北大在《AutoInt: Automatic Feature Interaction Learning via Self-Attentive Neural Networks》提出了AutoInt，我们来看下。

摘要

CTR预估的目标是，预测一个用户在一个ad或item上的概率，它对于许多在线应用（比如在线广告和推荐系统）很关键。但存在许多挑战，因为：

1) input features（例如：user id、user age、item id、item category）通常是稀疏高维的
2) 有效的预测通常依赖于高阶组合特征（cross features），由domain experts手工处理非常耗时，很难穷举。因此，对于稀疏高维原始特征，以及它们的特征组合，发现它们的低维表示需要一些工作。
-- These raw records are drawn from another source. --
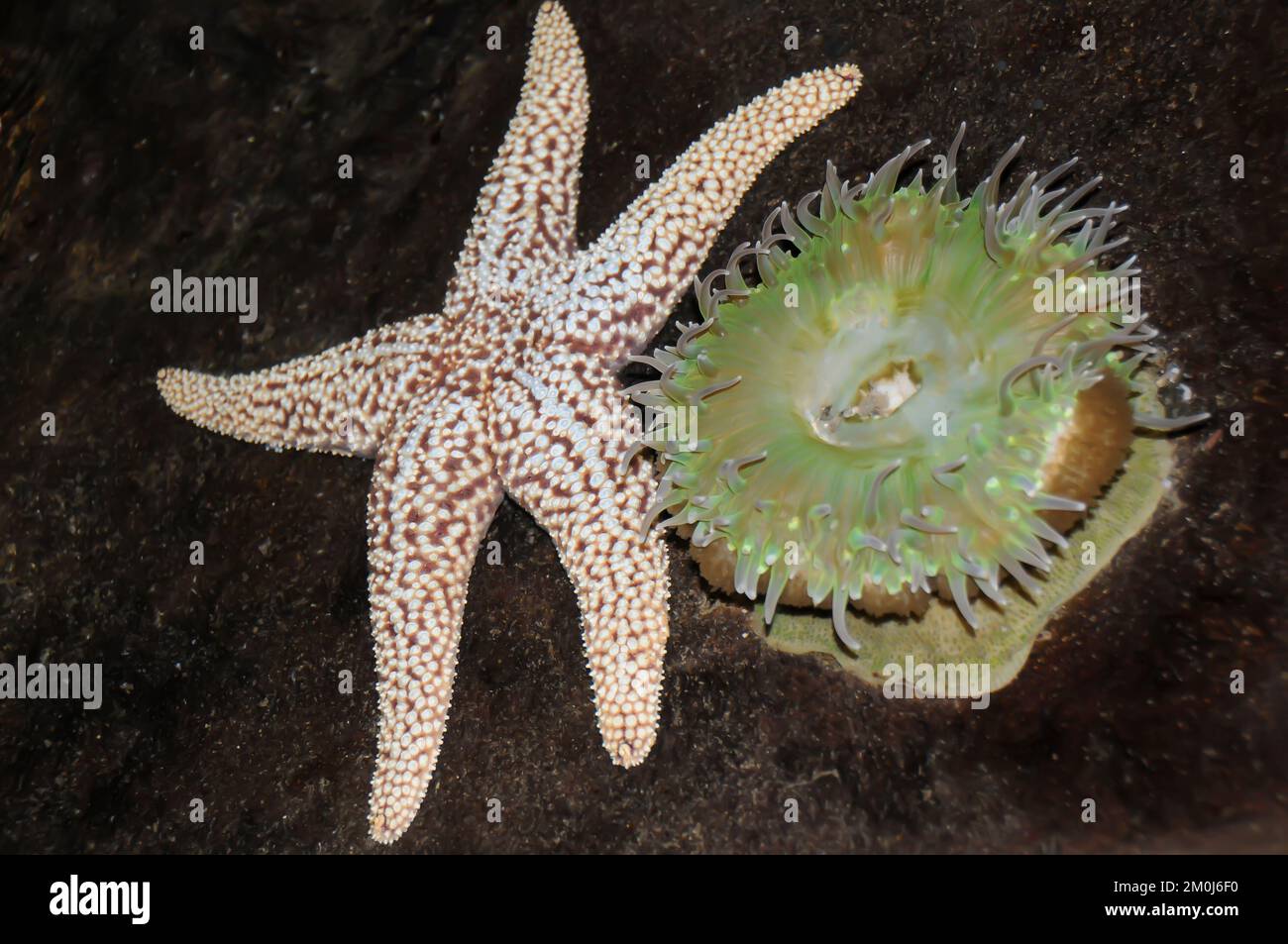 Sea Star and Green Sea Anemone at the California Academy of Science, San Francisco, California Stock Photo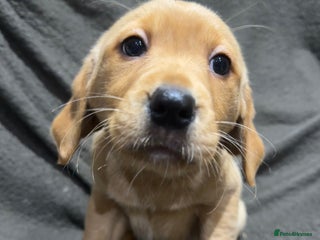 Goldador dogs LAST BOY LEFT ❤️ READY TO GO ❤️ RED GOLDADOR’S ❤️ - Advert 8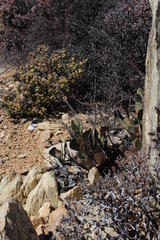 Adromischus alstonii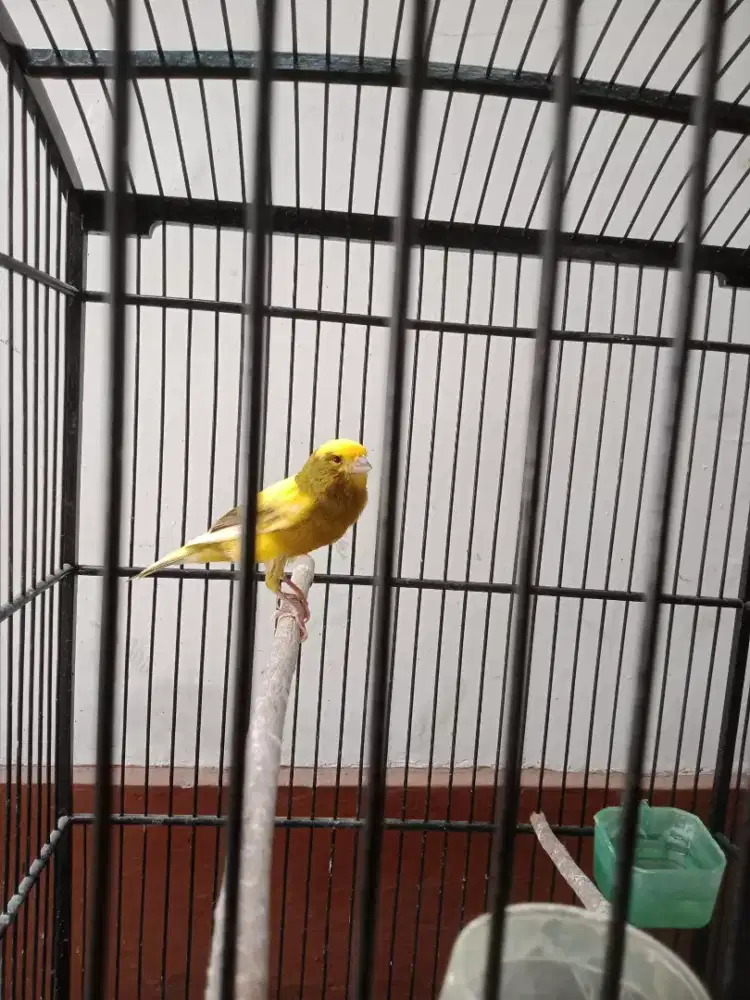 Di jual burung kenari seri af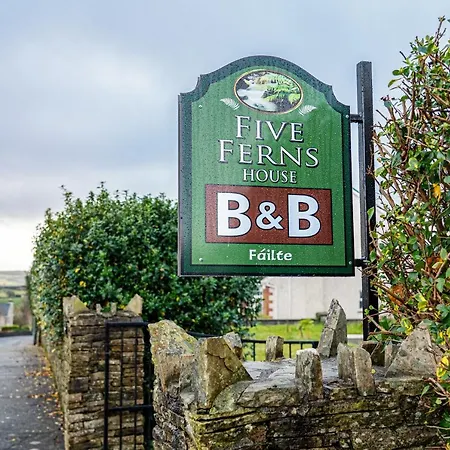 Five Ferns House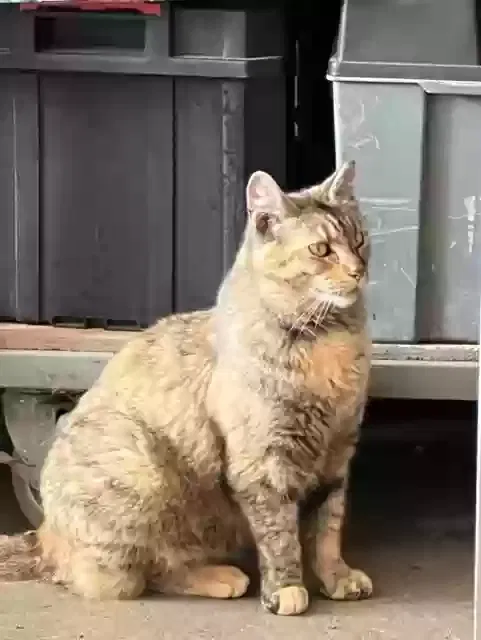 Lost cat in Bayport, NY, 11705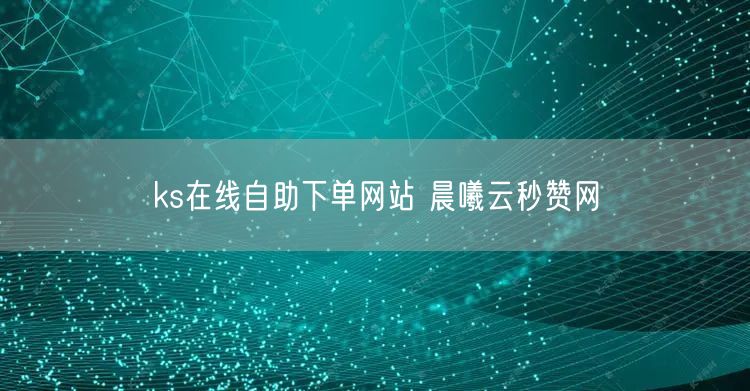 ks在线自助下单网站 晨曦云秒赞网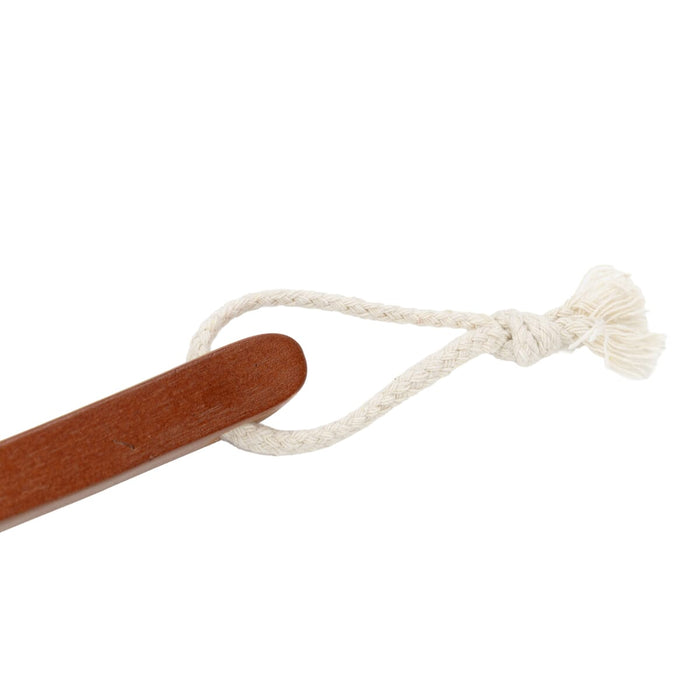 CareWorth Long Handled Brush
本文提出了一种有效方法：AutoInt来自动学习关于input features的高阶特征交叉。我们提出的算法非常通用，它可以被同时应用到numerical和categorical的input features上。特别的，我们会将numerical和categorical features映射到相同的低维空间中。接着，使用一个带residual connections的multihead self-attentive neural network来显式建模在低维空间中的feature interactions。整个模型可以通过end-to-end的方式有效满足大规模的原始数据。具体代码：: https://github.com/DeepGraphLearning/RecommenderSystems

3.问题定义

我们首先正义定义ctr预测问题：

定义1: CTR Prediction

假设：\(x \in R^n\)表示user u的features和item v的features的concatenation，其中：

categorical features使用one-hot encoding表示
n是concatenated features的维度

那么，CTR预测的问题的目标是：预测user u根据feature vector x在item v上的点击概率。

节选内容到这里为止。